Apparently not content with having penetrated the networks of such insignificant federal agencies such as the U.S. Department of State, Department of Homeland Security, and that agency that maintains our nuclear arsenal, hackers in the “SolarWinds” affair also went after NASA and the Federal Aviation Administration, according to a new report from the washington post.
The report comes shortly after a briefing last week when White House National Security Advisor Anne Neuberger explained that approximately 100 different companies and a total of nine federal agencies had been successfully “compromised” by foreign hackers. The foreign intrusion campaign (probably “Russian in origin,” as officials have put it) is believed to be the largest in US history.
The Neuberger update was the first official account provided by the Biden administration on the extent to which government networks had been breached. At the time of their comments, all but two of those nine agencies had already been targeted (including: the State Department, DHS, and the Departments of Energy, Justice, Commerce, the Treasury, and the National Institutes of Health). Now, the Washington Post appears to have identified the laggards. According to the newspaper report:
Last week, Neuberger said the government discovered that the computer systems of nine federal agencies were compromised. She did not name them, but The Post has confirmed the identities with US officials.
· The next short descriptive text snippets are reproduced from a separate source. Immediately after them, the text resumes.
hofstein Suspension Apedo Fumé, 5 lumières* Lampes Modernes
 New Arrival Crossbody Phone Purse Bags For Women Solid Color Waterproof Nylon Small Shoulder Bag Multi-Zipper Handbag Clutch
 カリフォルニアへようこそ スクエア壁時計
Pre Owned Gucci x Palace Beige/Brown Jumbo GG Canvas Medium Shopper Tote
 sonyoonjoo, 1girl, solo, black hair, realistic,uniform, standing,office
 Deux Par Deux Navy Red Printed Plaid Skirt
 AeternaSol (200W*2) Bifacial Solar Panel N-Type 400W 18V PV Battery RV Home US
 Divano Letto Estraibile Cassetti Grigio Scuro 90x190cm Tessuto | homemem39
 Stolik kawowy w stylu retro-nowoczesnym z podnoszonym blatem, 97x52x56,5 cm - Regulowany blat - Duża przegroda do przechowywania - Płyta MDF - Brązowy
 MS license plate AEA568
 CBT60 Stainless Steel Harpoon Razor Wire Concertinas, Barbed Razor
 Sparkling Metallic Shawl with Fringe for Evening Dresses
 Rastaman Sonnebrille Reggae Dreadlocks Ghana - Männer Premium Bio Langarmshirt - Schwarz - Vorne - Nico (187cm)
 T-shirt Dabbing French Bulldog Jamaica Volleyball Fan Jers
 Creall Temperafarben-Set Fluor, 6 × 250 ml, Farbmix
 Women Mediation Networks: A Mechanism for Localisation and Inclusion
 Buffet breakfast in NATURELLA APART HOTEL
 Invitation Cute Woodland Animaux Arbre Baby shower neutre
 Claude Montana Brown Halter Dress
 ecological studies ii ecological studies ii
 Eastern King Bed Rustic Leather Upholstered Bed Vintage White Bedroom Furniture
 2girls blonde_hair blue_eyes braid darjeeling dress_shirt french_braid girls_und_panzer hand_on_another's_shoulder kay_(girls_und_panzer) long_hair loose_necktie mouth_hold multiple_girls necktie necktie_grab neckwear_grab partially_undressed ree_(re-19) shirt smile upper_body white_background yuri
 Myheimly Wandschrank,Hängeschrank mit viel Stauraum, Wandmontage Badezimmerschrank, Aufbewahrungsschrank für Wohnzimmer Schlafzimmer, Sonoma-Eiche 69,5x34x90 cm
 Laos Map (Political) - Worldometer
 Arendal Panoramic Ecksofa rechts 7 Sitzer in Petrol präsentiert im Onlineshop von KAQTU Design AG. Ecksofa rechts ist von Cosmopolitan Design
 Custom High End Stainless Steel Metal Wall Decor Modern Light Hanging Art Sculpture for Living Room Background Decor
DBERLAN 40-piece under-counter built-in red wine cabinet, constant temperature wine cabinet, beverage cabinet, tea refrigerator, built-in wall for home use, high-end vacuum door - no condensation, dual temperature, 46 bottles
They include NASA and the Federal Aviation Administration, which have not previously been publicly identified.
It is unknown what kind of access the hackers may have had to any of the agencies. Nevertheless, Officials have said that, in cases where the gthe government was violated, All stolen data was unclassified and operating systems were never accessed. NASA reportedly told the newspaper that they are continuing to work with the US cyber agency CISA on “mitigation efforts to protect NASA’s data and network.” We have reached out to NASA and the FAA for comment and will update if they respond.
The disclosures add little to the overall “SolarWinds” narrative, but underscore the scope of intelligence-gathering operations conducted against US targets by foreign operators. They also evoke speculation about the potential harm that a more dire cyber campaign could cause. In fact, it’s not exactly comforting to imagine hackers targeting the federal agency charged with making sure planes don’t crash.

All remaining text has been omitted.